Playing like an abstract self-portrait, Lucy Dacus paints her experiences with flourishes of raw honesty, elegant storytelling and compassion. ‘Hot & Heavy’ powerfully opens Home Video with the expressionistic lyricism and wide-open production that allows it to be heard. Dacus softly sings, “Being back here makes me hot in the face. Hot blood in my pulsing veins. Heavy memories weighing on my brain. Hot and heavy in the basement of your parent’s place.” setting the thematic core of Home Video. Beginning the album turn of phrase wrapped in a melancholic sound that runs throughout. 

Home Video is an album that allows the words to occupy the foreground while the dynamics dominate the background. Both work in tandem, pushing and pulling proceeding when called upon. The propellant ‘First Time’ rattles with driving indie-rock contrasted by Dacus’ hazy vocals. While the softly picked ambience of ‘Cartwheel’ allows the record’s thematic thread of the past and future expectations to be laid bare. ‘Brando’ melds both approaches as the song builds from line stripped back lines like “All I need for you to admit. Is that you never knew me like you thought you did” that give way to a musically lush widescreen sound.

However, ‘Thumbs’ towers above all else. The zenith of Home Video and Lucy Dacus work to date, the music is atmospherically tense and the words strikingly tense. Written about a deadbeat father of her partner, the song melds reality with fantasy. Ducas recalls the encounter with documentarian observations, “So we meet him at a bar. You were holding my hand hard. He ordered rum and coke. I can’t drink either anymore”. Before twisting seamlessly into fantasy, “I lovе your eyes. And he has thеm, or you have his. ‘Cause he was first. I imagine my thumbs on the irises. Pressing in until they burst”. Unflinching in its honesty and dreamlike in its delivery, ‘Thumbs’ lasts long after listening. 

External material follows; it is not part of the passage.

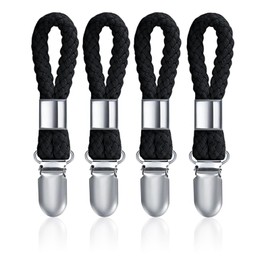 Hyxodjy Pack of 4 Towel Clips, Towel Clips with Loops, Towel Holder Clips, No Sewing, Towel Clips, Black Towel Clips, Towel Clips for Hanging for Kitchen, Bathroom, Balcony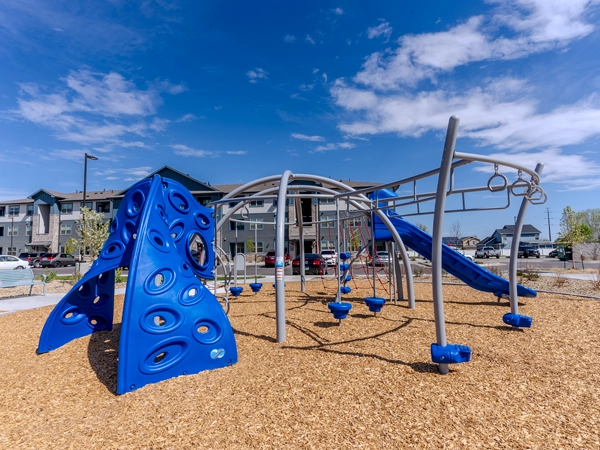 A playground structure at an apartment complex.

And so it goes, Home Video examines how we perceive the past in the present. Throughout, Lucy Dacus looks back on moments, places and imagery from this perspective and tells us each story with unshakeable sincerity. Wrapped in a subtle production that gives each song room to be heard, Home Video is a towering work that lays everything bare. Allowing Dacus to move into the future as a songwriter with power over her art.  

10/10


Home Video by Lucy Dacus is out June 25th via Matador Records.